Start of RECORDS FOR THIS EXERCISE
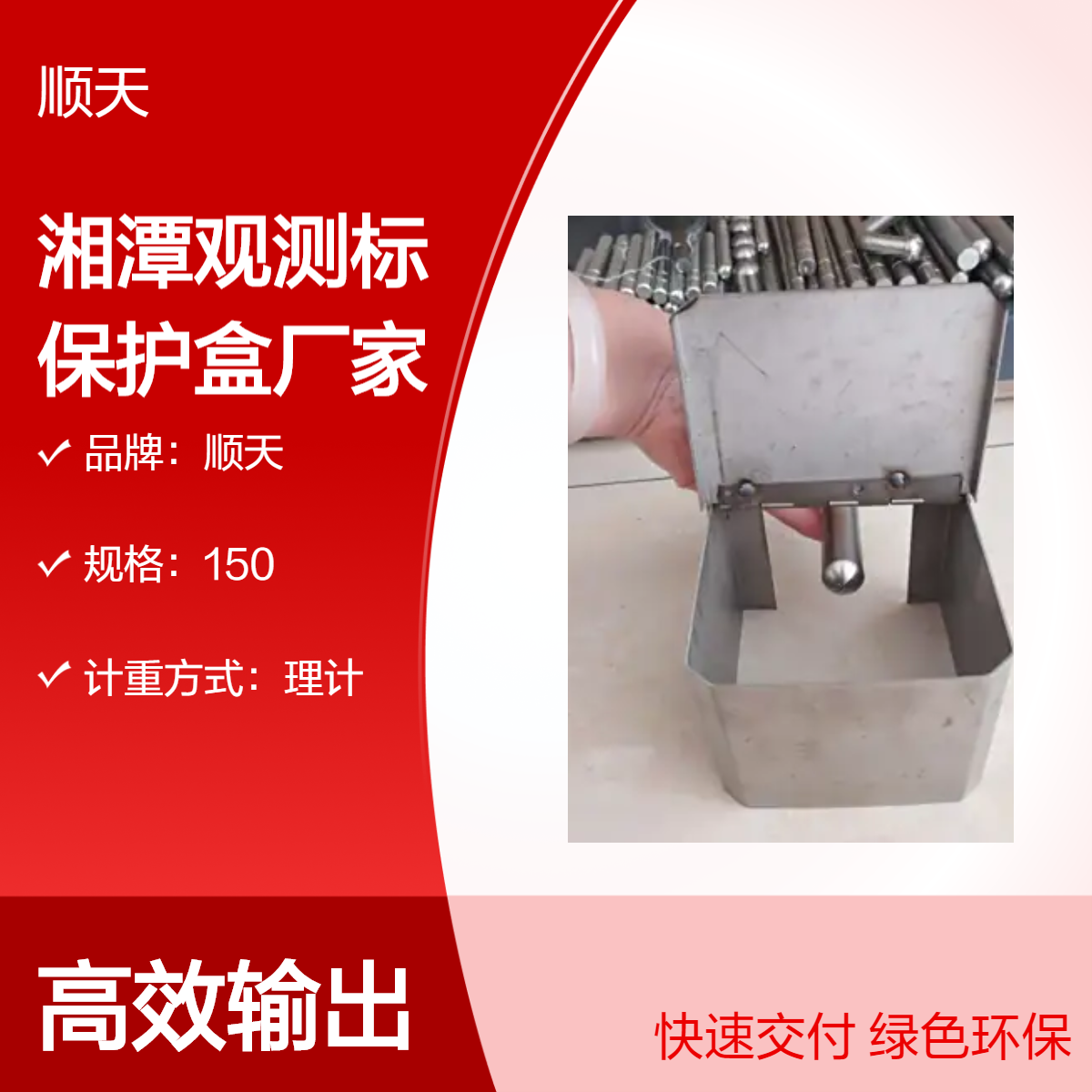 顺天不锈钢观测标保护盒售后发往 150/120mm圆形方形可定制
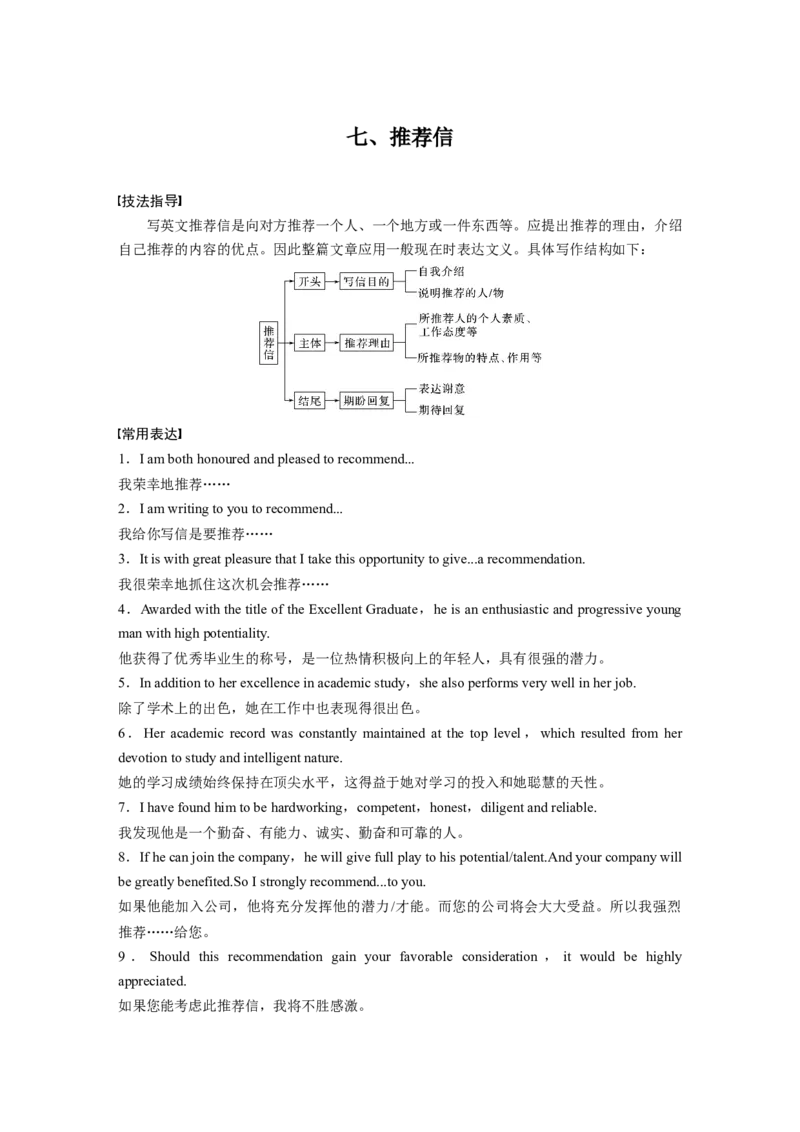 第一章七、推荐信_03高考英语_新高考复习资料_2022年新高考资料_2022年新高考英语一轮复习_2022年一轮复习新高考新教材_2022年新高考英语一轮复习讲义（新人教版）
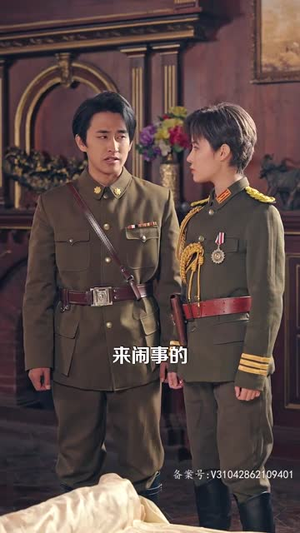 争霸上海滩之风云再起甜宠短剧追到爽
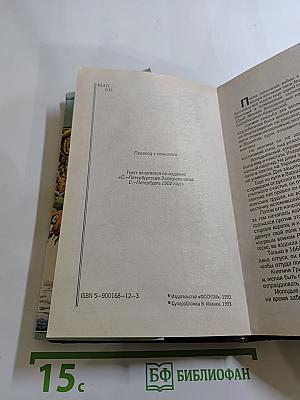 Пан Володыевский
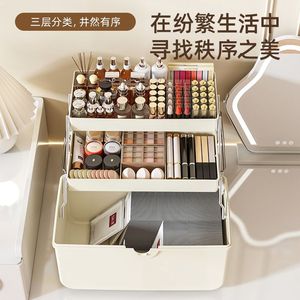 Caja de almacenamiento de cosméticos, organizador de escritorio de gran capacidad de tres capas con compartimentos para maquillaje - Product Image 1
End of RECORDS FOR THIS EXERCISE
## WHAT YOU SHOULD DO
Repeat the entries above exactly and skip the images.

## REPLY
 顺天不锈钢观测标保护盒售后发往 150/120mm圆形方形可定制
 第一章七、推荐信_03高考英语_新高考复习资料_2022年新高考资料_2022年新高考英语一轮复习_2022年一轮复习新高考新教材_2022年新高考英语一轮复习讲义（新人教版）
 争霸上海滩之风云再起甜宠短剧追到爽
 Пан Володыевский
 Caja de almacenamiento de cosméticos, organizador de escritorio de gran capacidad de tres capas con compartimentos para maquillaje - Product Image 1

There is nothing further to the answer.